Craig’s first session was in the classroom to our year 2 students who are learning about talent development models. According to Bruner et al (2009) there are two clear talent development models outlined in research, one of these is a transitional model and we had asked Craig to teach about his transitions in his career. This is particularly pertinent for him now as he is in possibly the biggest transition of all – retirement. This is a hard time for any athlete but for a world and European champion it is even harder. The aim is to teach our students, who will be (or already are in some cases) decision makers for national federations how to manage these transitional phases.
Craig’s second session was on yoko tomoe nage, I had asked Craig to teach this and to discuss how he had developed this technique over time. This is so that students can see how techniques for talented players have to be developed over a number of years. Hatsuyuki Hamada (coach of Ryoko Tani) will be showing the same technique next week so that students can compare methods and see there is no right or wrong way.
His final session was in ne waza, and he showed how he developed his famous turn over.
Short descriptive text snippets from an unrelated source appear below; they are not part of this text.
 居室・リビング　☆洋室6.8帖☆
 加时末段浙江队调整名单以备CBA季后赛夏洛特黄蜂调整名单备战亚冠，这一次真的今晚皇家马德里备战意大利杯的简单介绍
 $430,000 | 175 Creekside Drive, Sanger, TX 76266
It really is amazing to see how he understand every detail and how he has a solution to almost every problem.
When I speak to people in the UK and say Craig is coming for a session, they always say “that’s good” or “it’s great” etc but the reaction I get from foreign judoka is completely different, I told a French guy a couple of years ago Craig was coming over to coach and I thought he was going to fall over! When I told one of our German students Craig was coming on this block he just stood still and said “this is fantastic, he is an absolute genius!” My point is that Craig is one of only three male world champions this country has ever had, he is also the most recent, add to this a European gold, world silver and the fact he has never lost in a world cup at u60kg and he really is something special.
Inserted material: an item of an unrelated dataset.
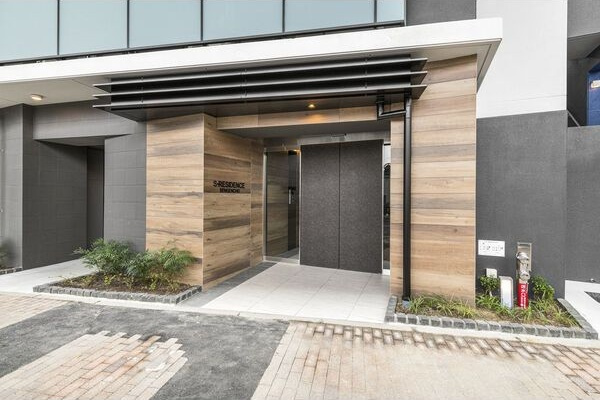 S-RESIDENCE浅間町　※キャンペーン中!!!のエントランス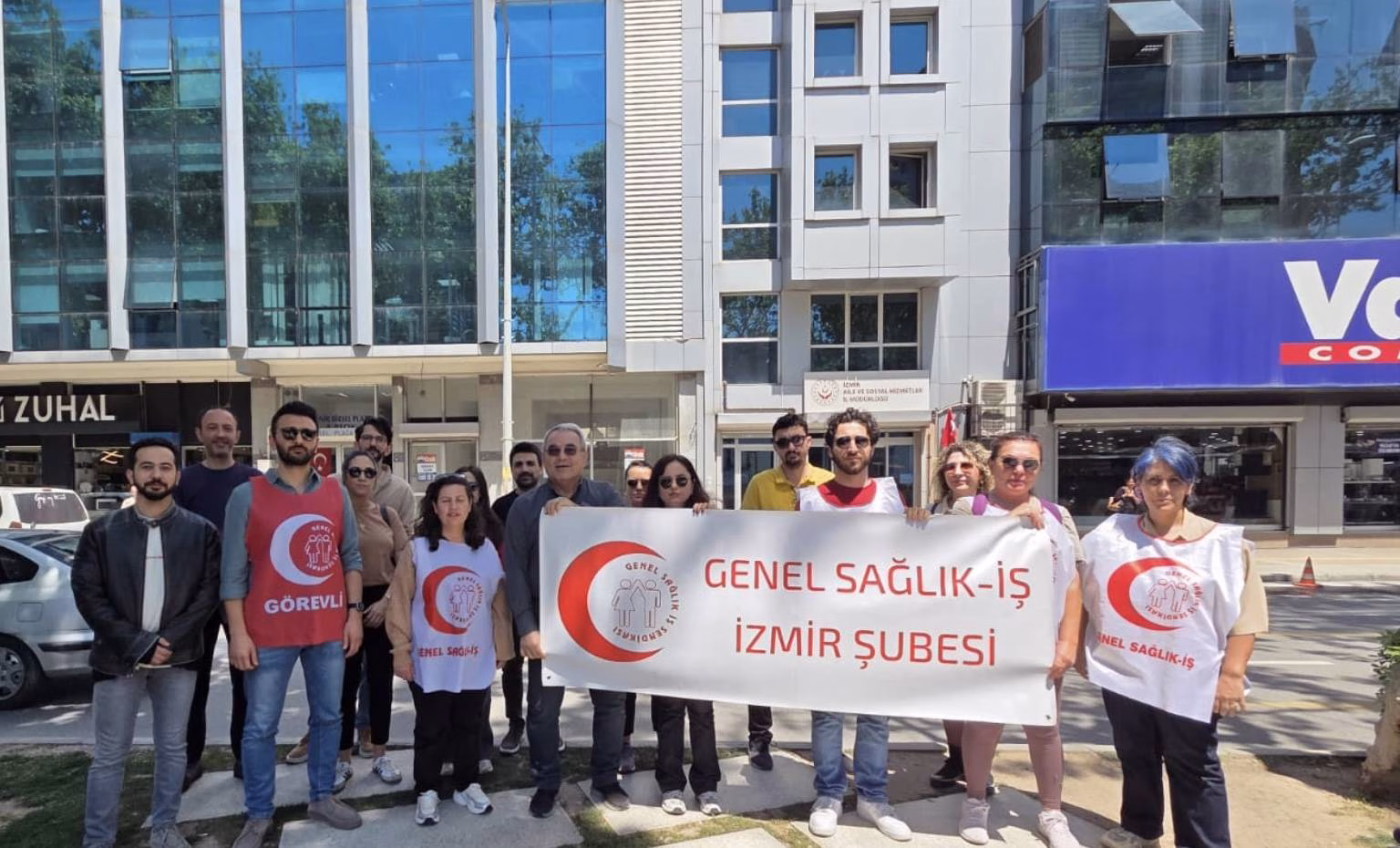 Genel Sağlık-İş İzmir Şube tarafından yapılan açıklamada, Aile ve Sosyal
As a judo coach I have been to many workshops, coaching courses and seminars with world and Olympic medallists and for me Craig really stands out, I have been fortunate enough to see quite a few of his sessions, they are always different, he has an amazing attention to detail, he understands how to adapt techniques for heavy weight and females and he emphasises with players. For me he is one of the UKs most under used resources.
I would strongly urge any coaches reading this who are looking for someone to run a session to contact Craig, regardless of what country you’re in. If you need to you can contact him through me.